Zo tried to answer—with no idea of what she might say—but the knot in her throat blocked out all speech. Terror, bright and uncontrollable, had fastened itself over her conscious mind, and she could not stop staring at the sword. At this moment, nothing in her past, her training, or her aspirations for the future seemed as real to her as its
blade, the inarguable geometric equation that connected its edge to her flesh.

Hestizo—

There was nothing she could do.

The sword plunged down.

40/Wet Work

“T
HERE’S ONE,
” T
ULKH SAID
. “B
EHIND THAT WALL
. S
EE HIM
?”

The HK pivoted unhesitatingly, firing two quick blasts at the openmouthed Sith-thing as it stalked around the corner in front of them, arms thrown open. It went down screaming.

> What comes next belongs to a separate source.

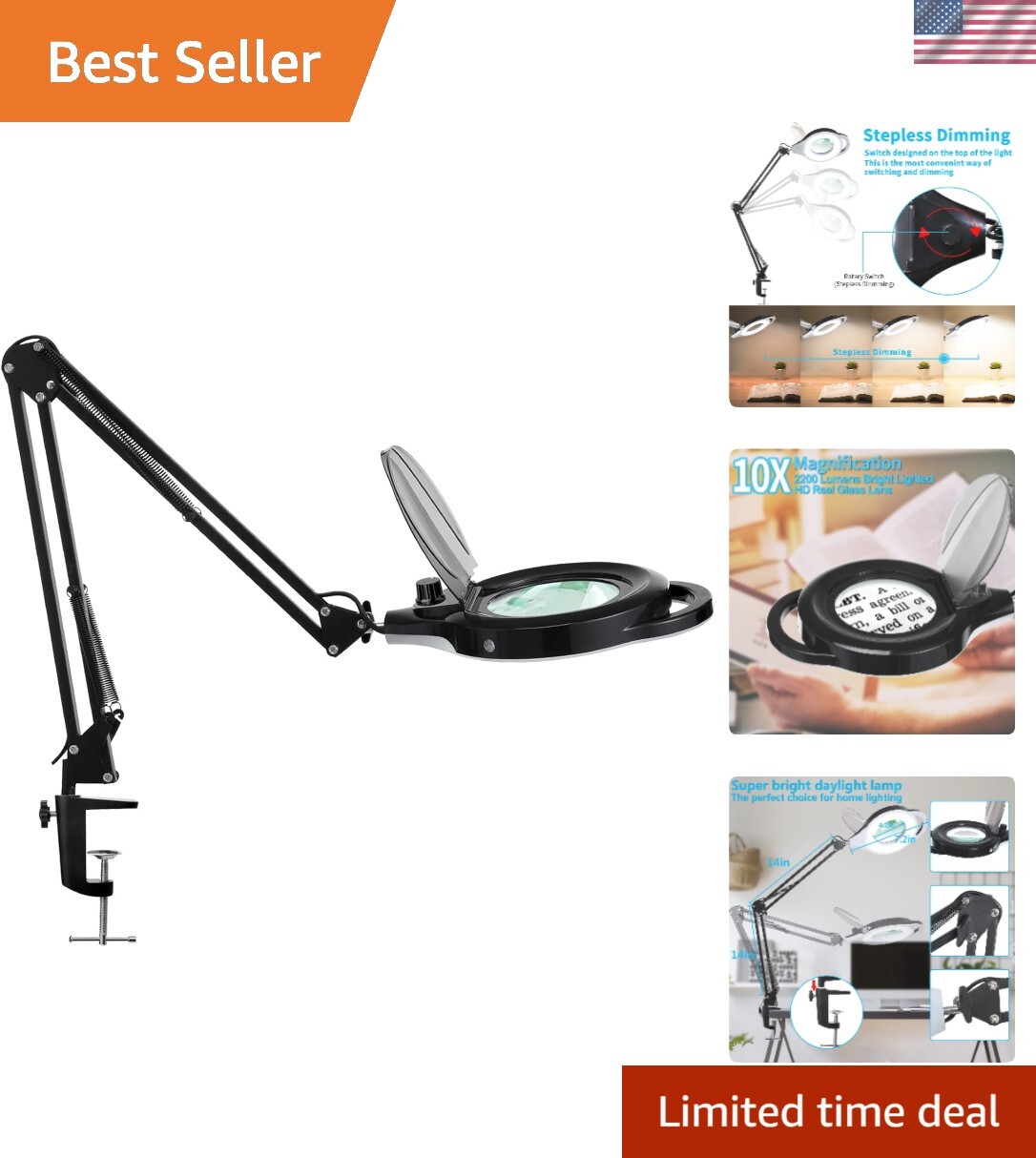 10X Magnifying Lamp with Clamp, 2200 LM Super Bright and Stepless Dimming Mag...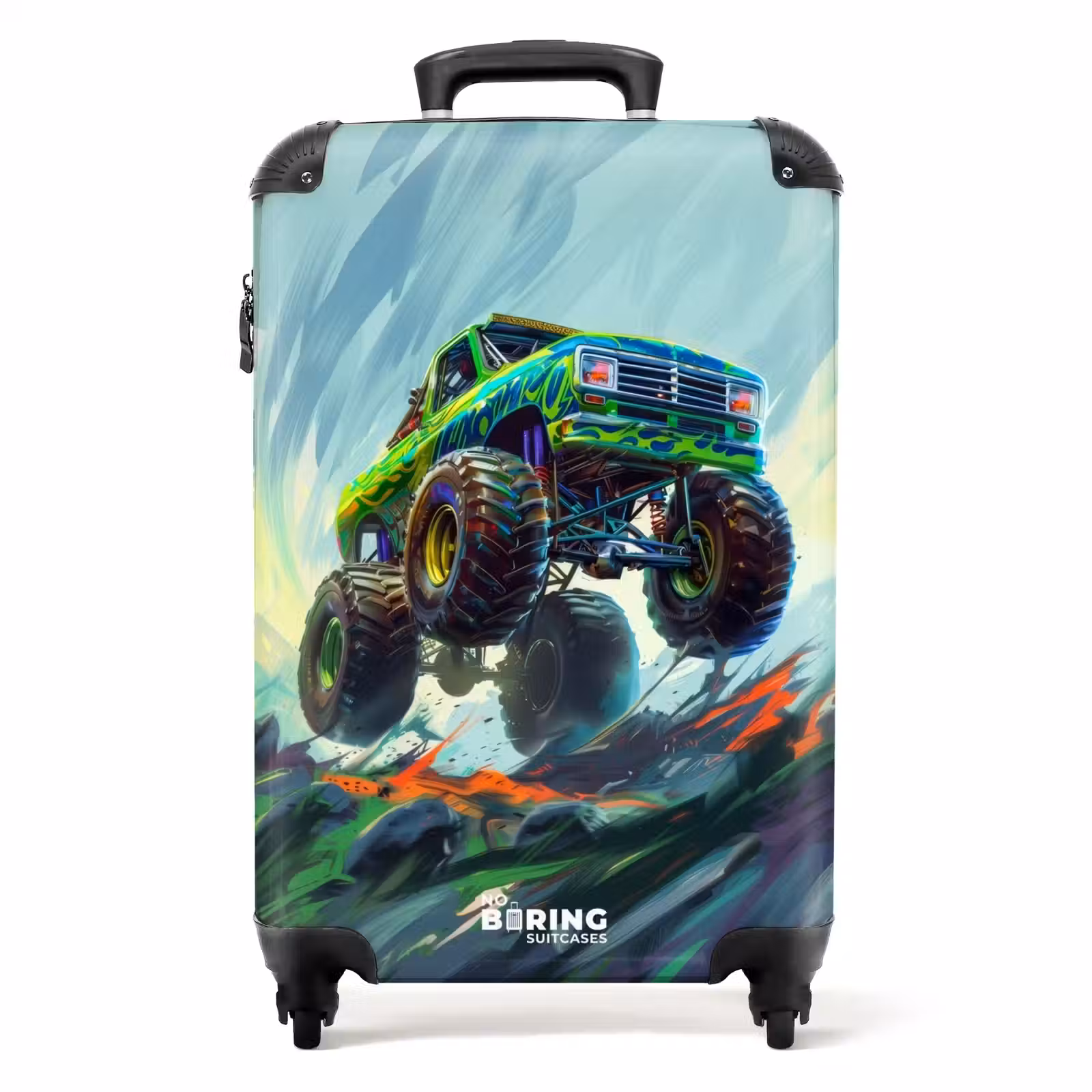 Suitcase - Green Monster Truck with Brushstrokes — 1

“Your turn,” the HK replied. “To your left.”

The Whiphid turned and flung his spear into the space between the building and the statue rising before it. An instant later, a Sith student lunged out, the spear embedded in its chest, roaring toward them until Tulkh fired an arrow into its head.

“Nicely done,” the droid said. “But it’s still coming.”

With a grunt, Tulkh ambled forward and picked the Sith student up by the spear hanging from its ribs. Lifting the thing completely off its feet, he wrenched it around sideways and hammered it into the stone wall alongside them. The tip of the spear twisted loose, and he used its serrated edge to rip off the thing’s head.

He held the head out on the end of the spear, offering it to the droid.

“Keepsake?”

“No.”

“What happened to
No thank you, sir
?”

The droid gazed at him. “Look out behind you,” it said drily. “Sir.”

Tulkh looked back at the side of the structure where he’d just beheaded the Sith-thing. The ground began to tremble. He saw a flash of motion inside the half-open hatchway, something big, and heard a scream … a great torrent of gargling screeches. It didn’t sound like the ones that he’d heard before. But the smell was hideously familiar.

“Watch out,” he said. “This is gonna be bad.”

The first undead tauntaun came charging out, smashing the door of the hatchway completely out of its housing with the bulk of its body. From here Tulkh could see that half its thoracic cavity was ripped away, the remains of its internal organs flapping from its ribs. A large section of its head was gone as well, but it was still screaming as it flung itself toward them. Its eyes were clouded and pinkish, like milk mixed with blood.

“Burn it,” Tulkh said.

The droid’s flamethrower roared across the open ground, and the bounty hunter saw the snow lizard’s oily pelt come alive with flames. Howling, the thing spun around, trampling furiously, rolling in the snow, trying to extinguish the fire, and the HK fired into it, blasting its carcass to shreds.

“You have anything bigger than a laser?” Tulkh asked.

“Mortar rounds. Why?”

The Whiphid gave a nod back at the open paddock. The herd of infected tauntauns was already thundering out, half a dozen or more, all producing that same indefinable shrieking noise. The front-runner had a gaping hole in its flank, the ragged edges of the wound quivering as it galloped so that the hole slapped open and shut like a second, stammering mouth. Something was wrong with its upper torso—

Tulkh could see a heavy shape writhing around inside the snow lizard’s belly.

He slammed his spear into it, and the thing burst open in a thick welter of fluid. From inside, the blood-soaked form of a Sith student came spilling out into the snow. The Sith-thing stood up grinning from inside its sticky web of blood, shook its head from side to side violently, and screamed.